DSM5 is still more specific. From this article in Professional Counselor:
[Trauma involves] “…exposure to actual or threatened death, serious injury or sexual violence in one or more of four ways: (a) directly experiencing the event; (b) witnessing, in person, the event occurring to others; (c) learning that such an event happened to a close family member or friend; and (d) experiencing repeated or extreme exposure to aversive details of such events, such as with first responders. Actual or threatened death,” the article goes on to suggest, “must have occurred in a violent or accidental manner; and experiencing cannot include exposure through electronic media, television, movies or pictures, unless it is work-related.”
Pretty complicated stuff. Still, it’s clear there are definite restrictions on what qualifies as trauma.
I’ve noticed that not every clinic bothers with such distinctions. I found this in a treatment center blog: “[Trauma] means that the event was traumatic to you. It doesn’t mean that it met some third-party definition of trauma. It doesn’t mean that there was necessarily a violence of any kind attached to it. It was just shocking. It was shocking to you.” Sounds like we’re back to the dictionary version. Reminded me of the old saw about the man with the hammer, to whom everything looks like a nail.
A question: If somebody shows up in treatment with a pattern of abuse of heroin or alcohol, how important is it to identify and resolve feelings about painful experiences in the past?

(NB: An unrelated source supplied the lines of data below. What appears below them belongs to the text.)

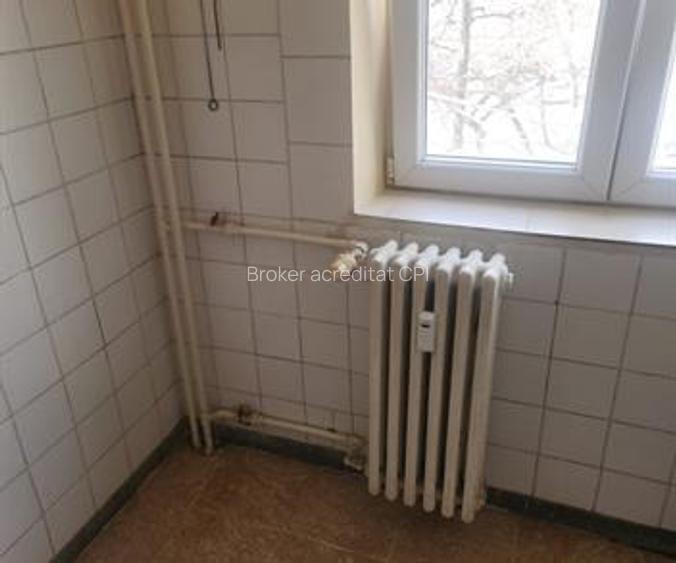Apartament 4 camere Berceni - 6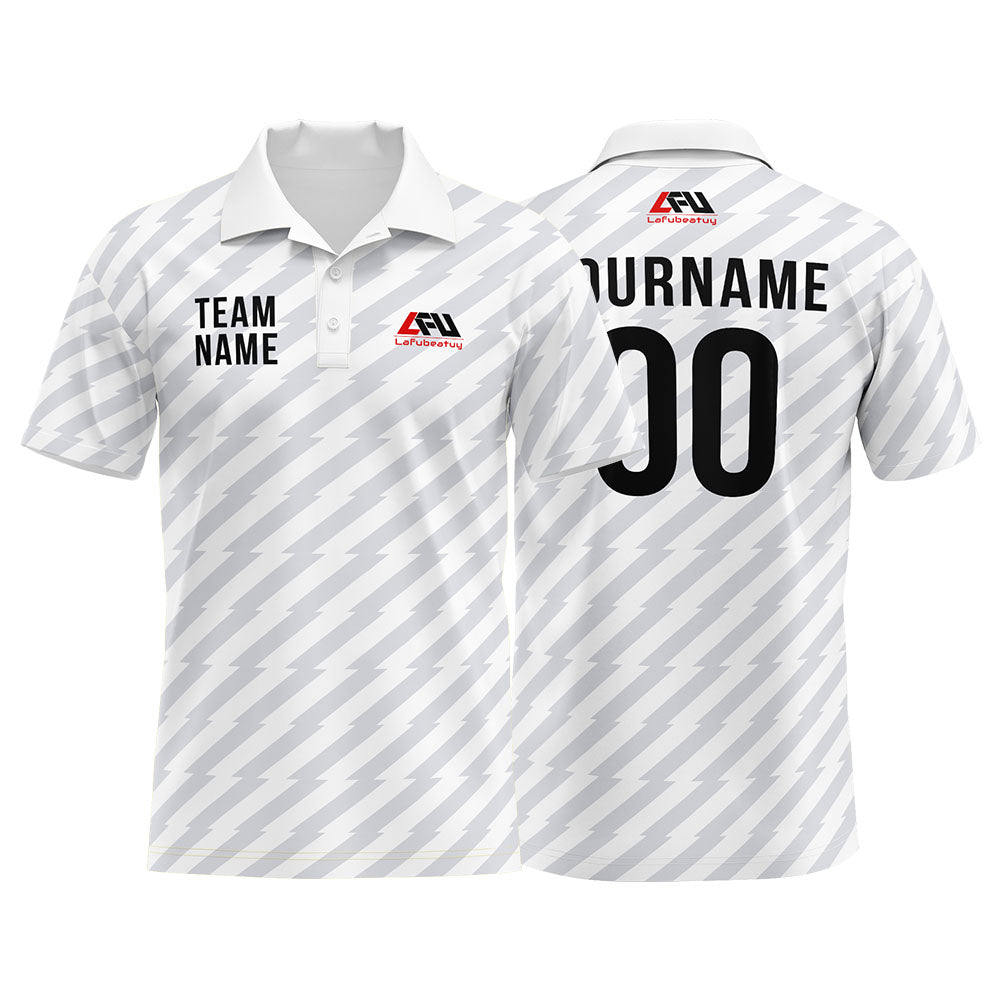 Custom Polo Shirts and Personalize T-Shirts for Men, Women, and Kids Add Your Unique Logo and Text enthsush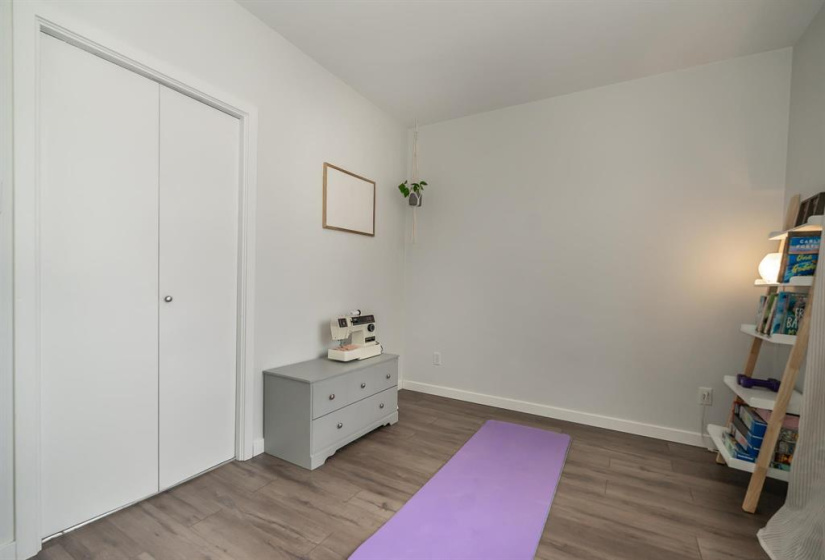 1700 Taylor, 2 Bedrooms Bedrooms, 5 Rooms Rooms,1 BathroomBathrooms,Condominium,For Sale,Taylor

After all, most addiction patients arrive with broad complaints: They’re sad, angry, confused, as well as in trouble with substances. If we define trauma broadly enough, they’ve all had traumatic experiences. But that doesn’t tell us how to address their current symptoms. We’re free to devote time and energy to the past, but in practical terms, how much help will it be?
This is a longstanding point of debate. When I arrived in the field during the ’70s, therapists worked from the assumption that you eliminated addictive behavior through insight into its “root” psychological causes. I know people who swear it worked for them, but for the vast majority, it sure looked to me like the road to frustration. That was a reason psychoanalytic approaches faded, to be replaced by more present-focused therapies.
Which doesn’t mean that therapists shouldn’t help clients understand and deal with past trauma. But it does suggest that such insights may not do much to eliminate a patient’s desire to drink or use drugs.